Note each line in the data holding the string "Solid" and report it.

Start of Dataset records

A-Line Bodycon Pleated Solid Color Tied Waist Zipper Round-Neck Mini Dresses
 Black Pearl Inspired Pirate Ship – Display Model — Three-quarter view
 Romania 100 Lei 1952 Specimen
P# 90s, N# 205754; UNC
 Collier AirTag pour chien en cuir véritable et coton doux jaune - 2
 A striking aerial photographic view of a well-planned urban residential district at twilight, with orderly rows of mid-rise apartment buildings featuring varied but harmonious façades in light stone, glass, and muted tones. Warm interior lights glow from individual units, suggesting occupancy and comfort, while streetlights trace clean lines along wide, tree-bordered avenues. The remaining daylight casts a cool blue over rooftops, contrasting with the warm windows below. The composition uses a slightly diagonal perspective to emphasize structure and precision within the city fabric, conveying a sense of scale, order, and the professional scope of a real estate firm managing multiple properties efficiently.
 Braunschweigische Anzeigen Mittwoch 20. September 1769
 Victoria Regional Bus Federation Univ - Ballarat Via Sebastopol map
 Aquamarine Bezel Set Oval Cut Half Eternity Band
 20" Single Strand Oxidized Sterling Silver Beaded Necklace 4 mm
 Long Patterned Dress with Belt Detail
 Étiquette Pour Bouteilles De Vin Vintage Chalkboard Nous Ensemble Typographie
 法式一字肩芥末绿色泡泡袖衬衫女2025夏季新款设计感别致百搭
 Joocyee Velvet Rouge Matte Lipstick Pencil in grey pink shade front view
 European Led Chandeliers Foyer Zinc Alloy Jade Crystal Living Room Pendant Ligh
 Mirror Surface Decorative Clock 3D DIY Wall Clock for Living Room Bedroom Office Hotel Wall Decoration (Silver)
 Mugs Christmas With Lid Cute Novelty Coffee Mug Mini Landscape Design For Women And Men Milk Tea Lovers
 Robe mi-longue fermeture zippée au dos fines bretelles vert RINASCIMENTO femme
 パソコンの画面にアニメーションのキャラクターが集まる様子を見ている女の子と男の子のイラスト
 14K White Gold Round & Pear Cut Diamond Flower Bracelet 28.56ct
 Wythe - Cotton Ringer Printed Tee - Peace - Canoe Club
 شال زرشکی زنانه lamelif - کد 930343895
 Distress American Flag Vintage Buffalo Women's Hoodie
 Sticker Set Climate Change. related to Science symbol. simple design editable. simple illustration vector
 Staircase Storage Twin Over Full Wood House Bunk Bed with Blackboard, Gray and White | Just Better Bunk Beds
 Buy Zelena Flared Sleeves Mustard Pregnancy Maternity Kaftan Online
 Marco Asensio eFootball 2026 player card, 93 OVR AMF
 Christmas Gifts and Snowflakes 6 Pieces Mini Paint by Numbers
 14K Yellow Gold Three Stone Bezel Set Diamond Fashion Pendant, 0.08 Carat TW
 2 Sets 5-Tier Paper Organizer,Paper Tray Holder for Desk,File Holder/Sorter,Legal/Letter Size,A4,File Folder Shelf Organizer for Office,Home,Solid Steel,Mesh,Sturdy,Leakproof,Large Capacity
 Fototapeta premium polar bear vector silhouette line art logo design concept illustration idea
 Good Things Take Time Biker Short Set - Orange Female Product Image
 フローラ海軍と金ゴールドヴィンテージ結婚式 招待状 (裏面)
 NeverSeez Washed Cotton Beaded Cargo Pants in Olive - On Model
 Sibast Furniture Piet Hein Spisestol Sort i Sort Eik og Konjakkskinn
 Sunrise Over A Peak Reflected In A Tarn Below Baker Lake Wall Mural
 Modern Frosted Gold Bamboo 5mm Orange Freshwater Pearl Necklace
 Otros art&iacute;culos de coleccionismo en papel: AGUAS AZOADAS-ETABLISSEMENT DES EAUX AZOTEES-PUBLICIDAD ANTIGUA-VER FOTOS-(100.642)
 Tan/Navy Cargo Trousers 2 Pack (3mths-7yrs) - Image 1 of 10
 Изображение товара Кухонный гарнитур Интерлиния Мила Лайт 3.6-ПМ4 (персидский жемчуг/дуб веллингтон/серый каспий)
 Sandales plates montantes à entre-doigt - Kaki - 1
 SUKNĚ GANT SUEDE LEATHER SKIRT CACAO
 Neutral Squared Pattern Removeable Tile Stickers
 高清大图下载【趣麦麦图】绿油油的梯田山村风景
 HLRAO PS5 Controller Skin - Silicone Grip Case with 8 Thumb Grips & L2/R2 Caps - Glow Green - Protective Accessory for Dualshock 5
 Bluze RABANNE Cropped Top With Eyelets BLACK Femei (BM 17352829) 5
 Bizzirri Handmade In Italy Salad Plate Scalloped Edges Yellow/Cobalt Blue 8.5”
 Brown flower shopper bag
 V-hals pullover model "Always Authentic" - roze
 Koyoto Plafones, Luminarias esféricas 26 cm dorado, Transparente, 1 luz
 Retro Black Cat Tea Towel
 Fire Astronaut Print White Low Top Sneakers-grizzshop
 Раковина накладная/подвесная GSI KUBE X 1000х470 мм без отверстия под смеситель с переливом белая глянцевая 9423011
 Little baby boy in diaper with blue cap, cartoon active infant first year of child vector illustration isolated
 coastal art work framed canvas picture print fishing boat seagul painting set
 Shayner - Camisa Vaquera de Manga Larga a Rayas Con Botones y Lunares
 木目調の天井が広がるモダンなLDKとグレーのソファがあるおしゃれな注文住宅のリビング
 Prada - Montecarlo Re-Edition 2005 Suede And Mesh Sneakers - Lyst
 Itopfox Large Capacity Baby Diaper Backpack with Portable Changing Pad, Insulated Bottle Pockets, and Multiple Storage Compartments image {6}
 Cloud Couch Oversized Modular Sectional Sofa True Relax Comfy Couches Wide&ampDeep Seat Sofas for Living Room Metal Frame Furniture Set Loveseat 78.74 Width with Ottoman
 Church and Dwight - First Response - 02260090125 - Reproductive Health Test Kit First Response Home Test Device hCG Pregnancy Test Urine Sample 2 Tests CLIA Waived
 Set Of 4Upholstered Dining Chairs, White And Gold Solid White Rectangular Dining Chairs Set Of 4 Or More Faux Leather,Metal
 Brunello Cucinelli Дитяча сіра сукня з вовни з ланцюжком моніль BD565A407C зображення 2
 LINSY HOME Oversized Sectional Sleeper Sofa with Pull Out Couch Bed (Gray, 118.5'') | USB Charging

End of Dataset records

> **Answer for the task**
A-Line Bodycon Pleated Solid Color Tied Waist Zipper Round-Neck Mini Dresses
 2 Sets 5-Tier Paper Organizer,Paper Tray Holder for Desk,File Holder/Sorter,Legal/Letter Size,A4,File Folder Shelf Organizer for Office,Home,Solid Steel,Mesh,Sturdy,Leakproof,Large Capacity
 Set Of 4Upholstered Dining Chairs, White And Gold Solid White Rectangular Dining Chairs Set Of 4 Or More Faux Leather,Metal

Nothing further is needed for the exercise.